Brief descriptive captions
##############################
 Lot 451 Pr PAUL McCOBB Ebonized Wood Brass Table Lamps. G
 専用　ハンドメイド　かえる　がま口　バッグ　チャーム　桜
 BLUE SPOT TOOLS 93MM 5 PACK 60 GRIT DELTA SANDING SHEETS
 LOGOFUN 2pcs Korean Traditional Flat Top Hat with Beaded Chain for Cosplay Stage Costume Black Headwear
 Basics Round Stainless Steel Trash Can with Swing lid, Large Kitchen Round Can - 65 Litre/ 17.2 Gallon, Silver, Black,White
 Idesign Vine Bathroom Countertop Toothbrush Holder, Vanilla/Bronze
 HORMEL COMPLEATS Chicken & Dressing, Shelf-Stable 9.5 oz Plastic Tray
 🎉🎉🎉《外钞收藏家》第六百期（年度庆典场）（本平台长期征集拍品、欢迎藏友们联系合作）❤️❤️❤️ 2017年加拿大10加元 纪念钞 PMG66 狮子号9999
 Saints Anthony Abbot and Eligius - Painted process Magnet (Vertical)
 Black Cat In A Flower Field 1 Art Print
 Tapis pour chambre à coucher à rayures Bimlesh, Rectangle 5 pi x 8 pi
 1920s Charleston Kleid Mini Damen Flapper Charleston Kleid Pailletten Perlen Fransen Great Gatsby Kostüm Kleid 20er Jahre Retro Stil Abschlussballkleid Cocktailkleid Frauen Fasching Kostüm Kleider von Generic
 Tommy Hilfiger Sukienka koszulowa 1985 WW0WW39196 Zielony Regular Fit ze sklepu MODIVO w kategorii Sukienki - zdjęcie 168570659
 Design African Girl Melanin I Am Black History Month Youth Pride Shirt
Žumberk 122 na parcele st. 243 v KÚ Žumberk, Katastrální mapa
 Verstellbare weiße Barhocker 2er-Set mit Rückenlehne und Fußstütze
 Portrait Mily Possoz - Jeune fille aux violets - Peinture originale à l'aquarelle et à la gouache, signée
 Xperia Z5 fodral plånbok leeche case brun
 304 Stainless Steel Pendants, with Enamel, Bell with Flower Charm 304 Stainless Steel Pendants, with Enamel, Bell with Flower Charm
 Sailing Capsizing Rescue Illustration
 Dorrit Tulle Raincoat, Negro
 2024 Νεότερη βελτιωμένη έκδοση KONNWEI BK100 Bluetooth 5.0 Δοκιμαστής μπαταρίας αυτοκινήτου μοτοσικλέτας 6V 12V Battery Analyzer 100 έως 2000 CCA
##############################
EXERCISE:
The line containing "Design African Girl" and every line after it, through the end of the records, should be repeated exactly and alone.

ANSWER SPACE:
 Design African Girl Melanin I Am Black History Month Youth Pride Shirt
Žumberk 122 na parcele st. 243 v KÚ Žumberk, Katastrální mapa
 Verstellbare weiße Barhocker 2er-Set mit Rückenlehne und Fußstütze
 Portrait Mily Possoz - Jeune fille aux violets - Peinture originale à l'aquarelle et à la gouache, signée
 Xperia Z5 fodral plånbok leeche case brun
 304 Stainless Steel Pendants, with Enamel, Bell with Flower Charm 304 Stainless Steel Pendants, with Enamel, Bell with Flower Charm
 Sailing Capsizing Rescue Illustration
 Dorrit Tulle Raincoat, Negro
 2024 Νεότερη βελτιωμένη έκδοση KONNWEI BK100 Bluetooth 5.0 Δοκιμαστής μπαταρίας αυτοκινήτου μοτοσικλέτας 6V 12V Battery Analyzer 100 έως 2000 CCA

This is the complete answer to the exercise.